[Scraped caption text data]
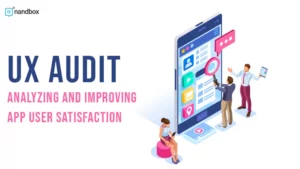 Read more about the article UX Audit: Analyzing and Improving App User Satisfaction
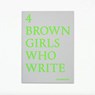 4 BROWN GIRLS WHO WRITE - Roshni Goyate, Sharan Hunjan, Sheena Patel, Sunnah Khan - GOYATE,  Roshni ; Hunjan, Sharan ; Patel, Sheena ; Khan, Sunnah - 9781912722747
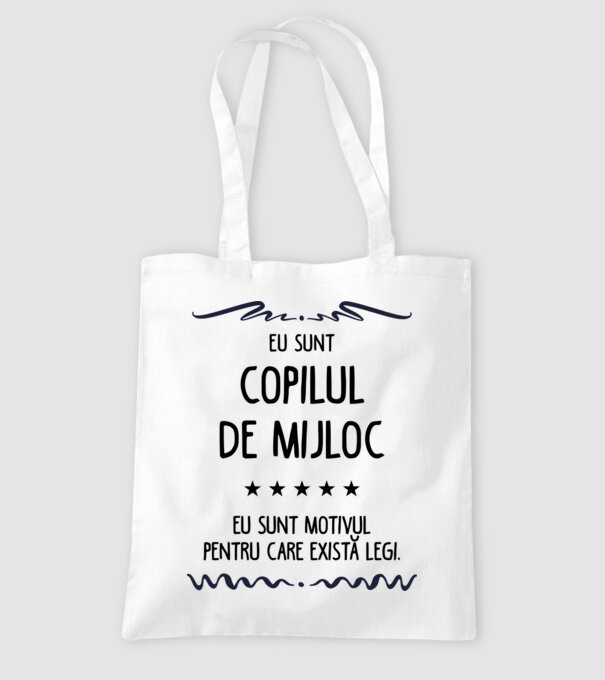 Eu sunt copilul de mijloc, eu sunt motivul pentru care există legi. model alb pe tricou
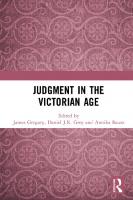 Judgment in the Victorian Age
 9781138302075, 9780203732021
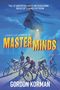 Gordon Korman: Masterminds, Buch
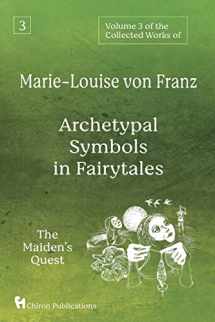 9781630519605-163051960X-Volume 3 of the Collected Works of Marie-Louise von Franz: Archetypal Symbols in Fairytales: The Maiden's Quest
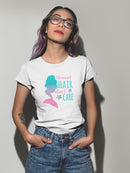 Beautiful Mermaid Hair Don't Care Women's T-shirt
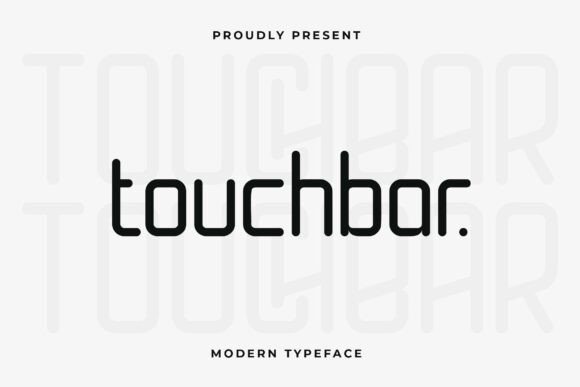 Touchbar Font for Modern Craft Branding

> The problem: Every entry is to be reproduced word for word, and no image is carried over.

> Result of the exercise:
 Read more about the article UX Audit: Analyzing and Improving App User Satisfaction
 4 BROWN GIRLS WHO WRITE - Roshni Goyate, Sharan Hunjan, Sheena Patel, Sunnah Khan - GOYATE,  Roshni ; Hunjan, Sharan ; Patel, Sheena ; Khan, Sunnah - 9781912722747
 Eu sunt copilul de mijloc, eu sunt motivul pentru care există legi. model alb pe tricou
 Judgment in the Victorian Age
 9781138302075, 9780203732021
 Gordon Korman: Masterminds, Buch
 9781630519605-163051960X-Volume 3 of the Collected Works of Marie-Louise von Franz: Archetypal Symbols in Fairytales: The Maiden's Quest
 Beautiful Mermaid Hair Don't Care Women's T-shirt
 Touchbar Font for Modern Craft Branding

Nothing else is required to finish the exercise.